# [Task to carry out]
Repeat every record below exactly, omitting any pictures.

* * *

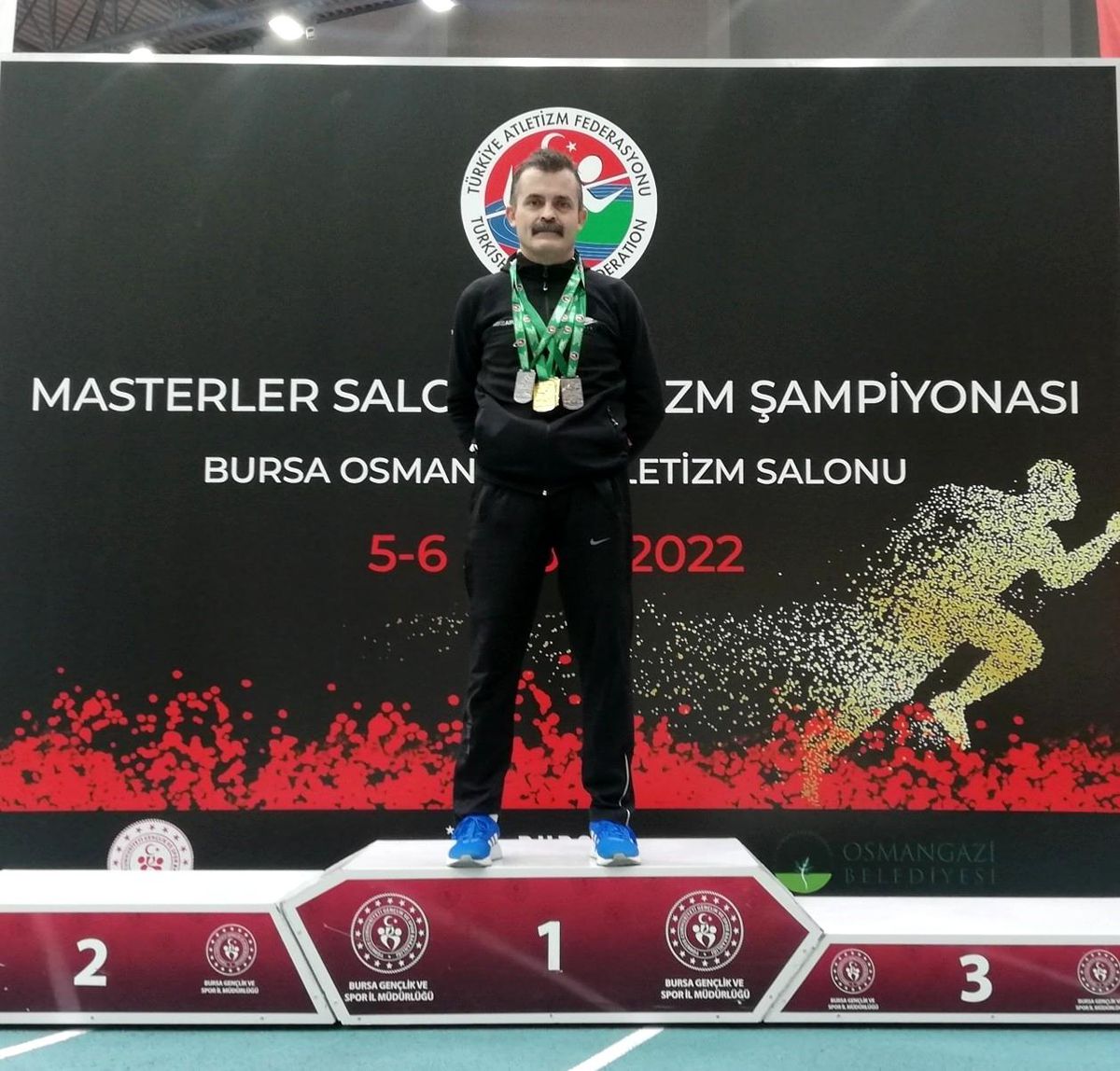 Aydınlı atlet madalyalara doymuyor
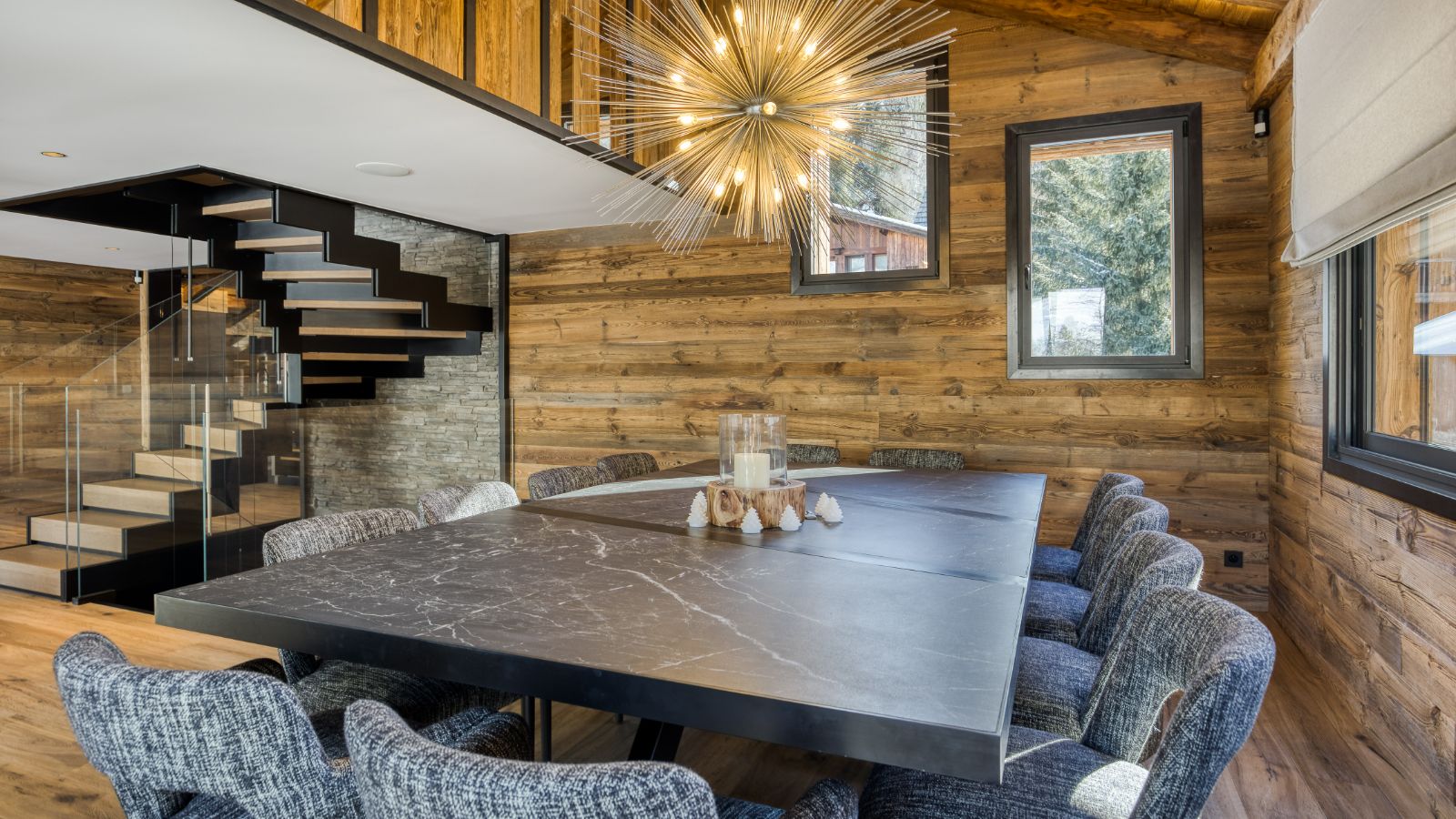 Luxury-Ski-Chalet-Megeve-Chalet-Grizzly-Oxford-Ski-Dining3.jpg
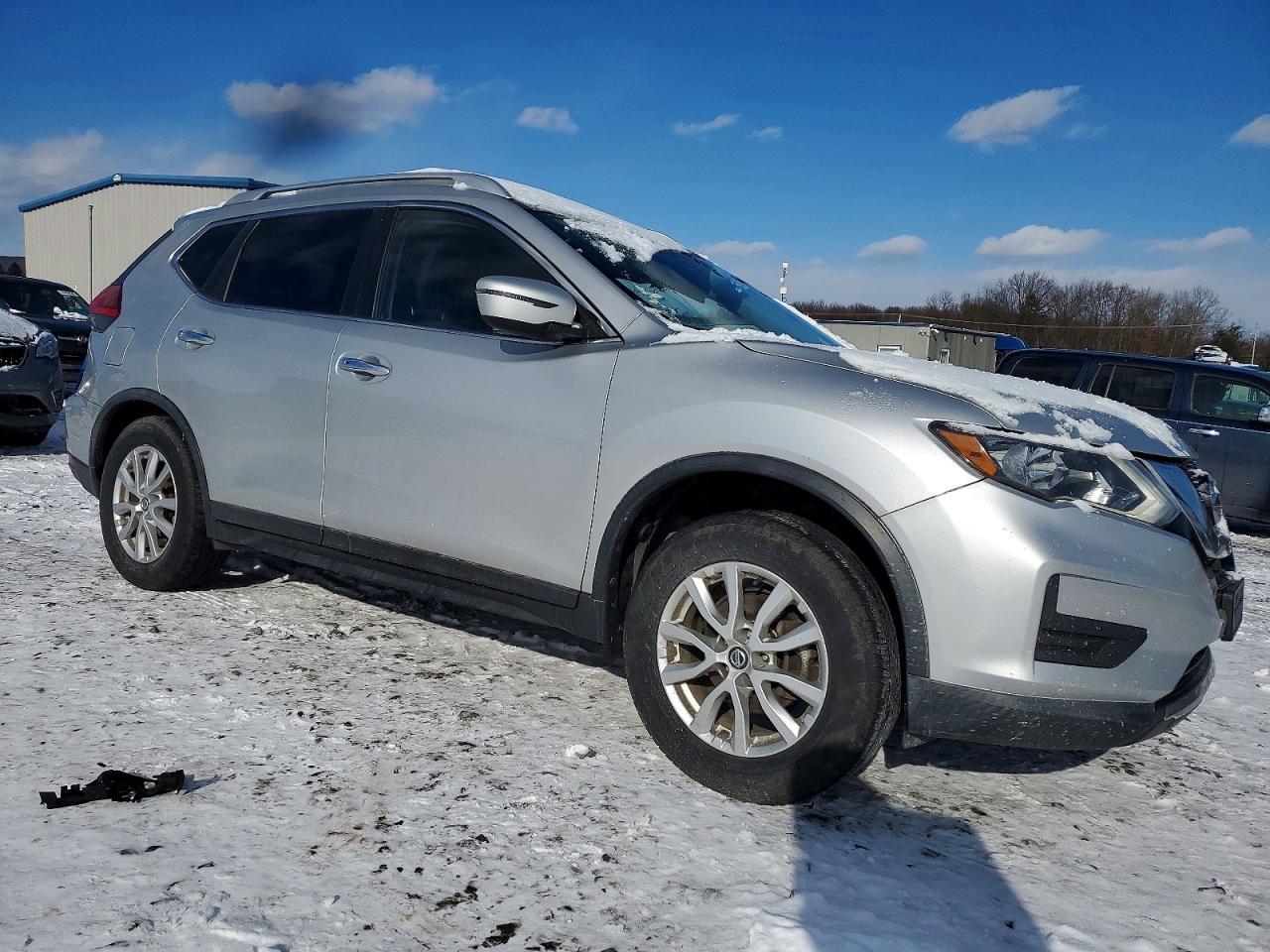 2017 Nissan Rogue S - zdjęcie 4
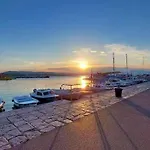 Kamena Kuca Sa Bazenom Sveti Vid-Miholjice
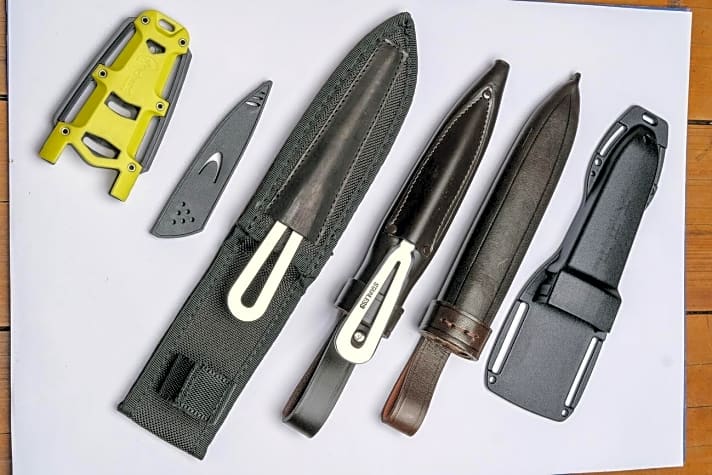   Gut geschützt: Um bei Nichtgebrauch nicht zu verletzen, sind die Test-Messer mit feststehender Klinge mit einer Schutzhülle versehen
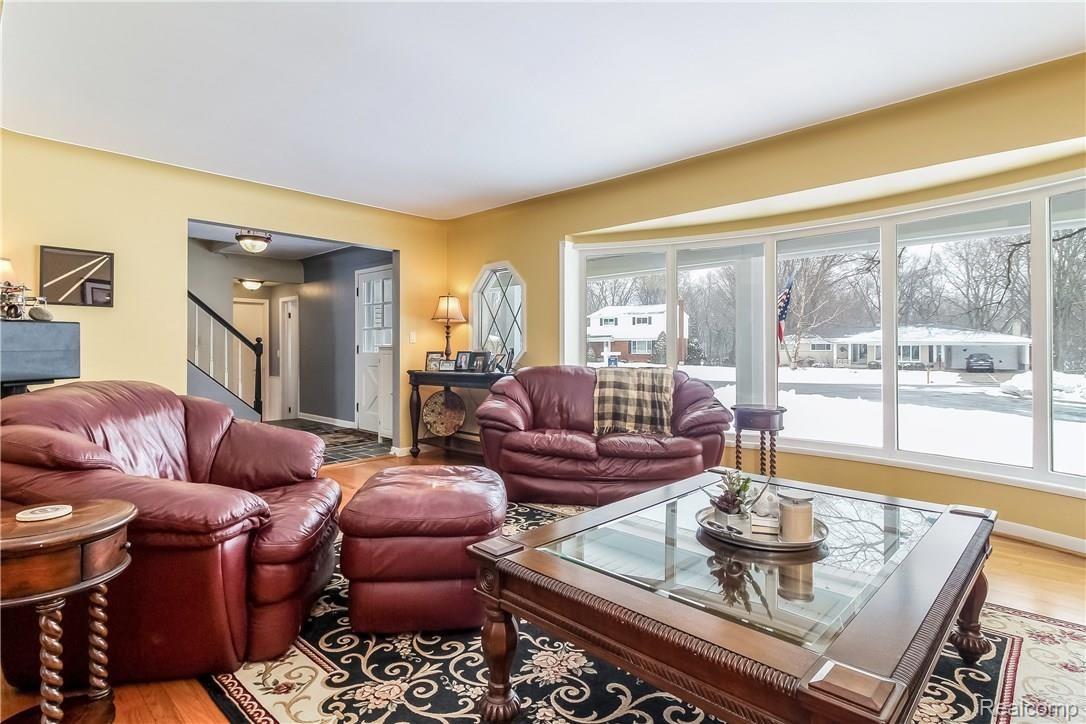 693 Lynndale Court Rochester, MI 48309 - Photo 4 of 22 004-5407586-large.jpg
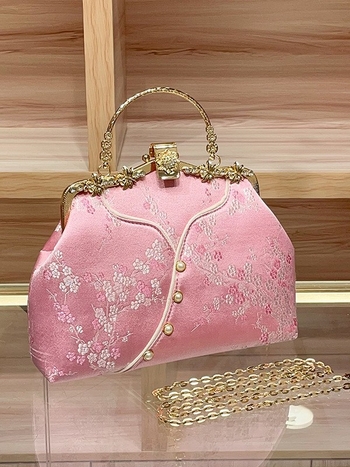 Ženska torba inspirirana kineskim stilom, svila, školjkast oblik, zaključavanje bravom, unutarnji džepovi s patentnim zatvaračem i džep za telefon, s jednim remenom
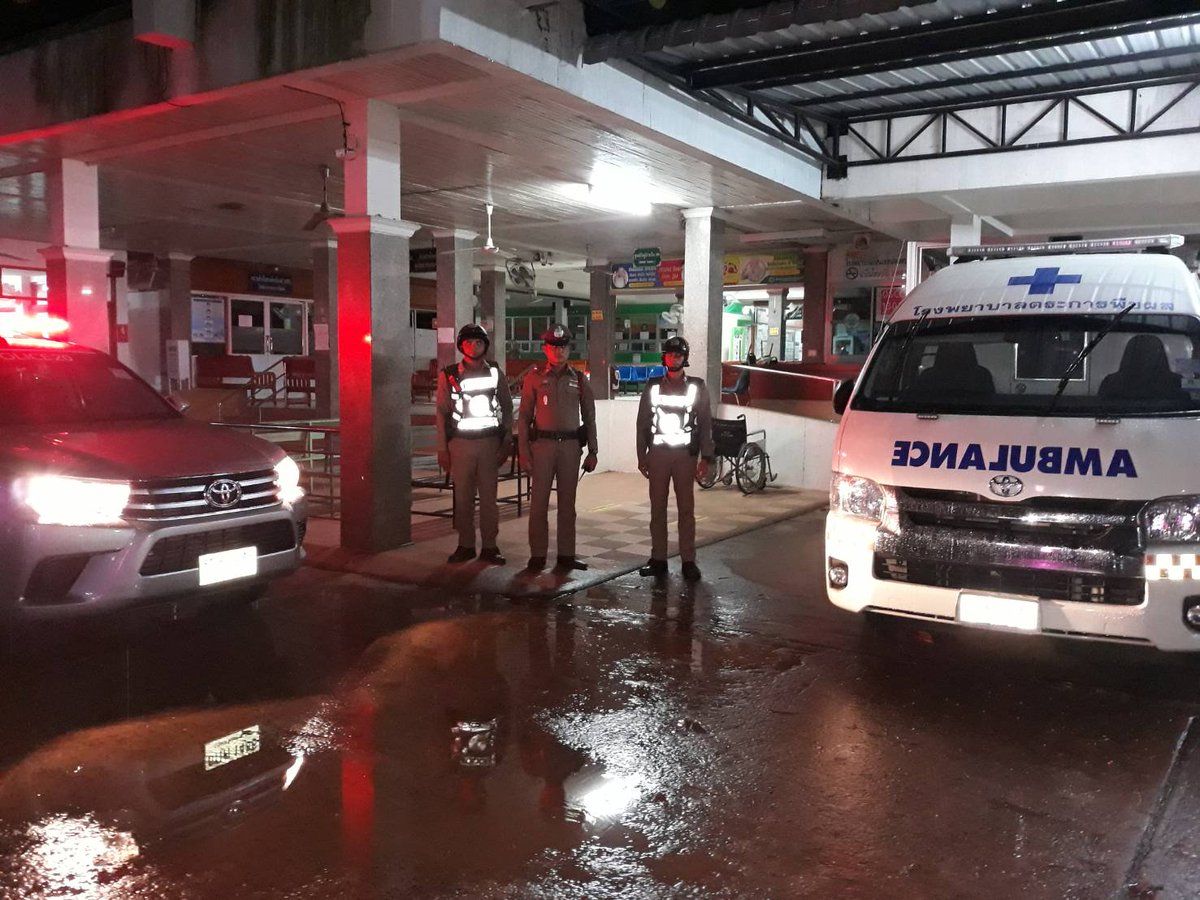 trakarnpolice's tweet photo. #แม้ฝนตกก็ไม่หวั่น
เจ้าหน้าที่ตำรวจสถานีตำรวจภูธรตระการพืชผลออกตรวจดูแลความปลอดภัยให้ประชาชนบริเวณสถานที่สำคัญในพื้นที่
@ubonpolice 
@PoliceRegion3 https://t.co/jh4WaTRwhO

* * *

# [Completed task]
 Aydınlı atlet madalyalara doymuyor
 Luxury-Ski-Chalet-Megeve-Chalet-Grizzly-Oxford-Ski-Dining3.jpg
 2017 Nissan Rogue S - zdjęcie 4
 Kamena Kuca Sa Bazenom Sveti Vid-Miholjice
   Gut geschützt: Um bei Nichtgebrauch nicht zu verletzen, sind die Test-Messer mit feststehender Klinge mit einer Schutzhülle versehen
 693 Lynndale Court Rochester, MI 48309 - Photo 4 of 22 004-5407586-large.jpg
 Ženska torba inspirirana kineskim stilom, svila, školjkast oblik, zaključavanje bravom, unutarnji džepovi s patentnim zatvaračem i džep za telefon, s jednim remenom
 trakarnpolice's tweet photo. #แม้ฝนตกก็ไม่หวั่น
เจ้าหน้าที่ตำรวจสถานีตำรวจภูธรตระการพืชผลออกตรวจดูแลความปลอดภัยให้ประชาชนบริเวณสถานที่สำคัญในพื้นที่
@ubonpolice 
@PoliceRegion3 https://t.co/jh4WaTRwhO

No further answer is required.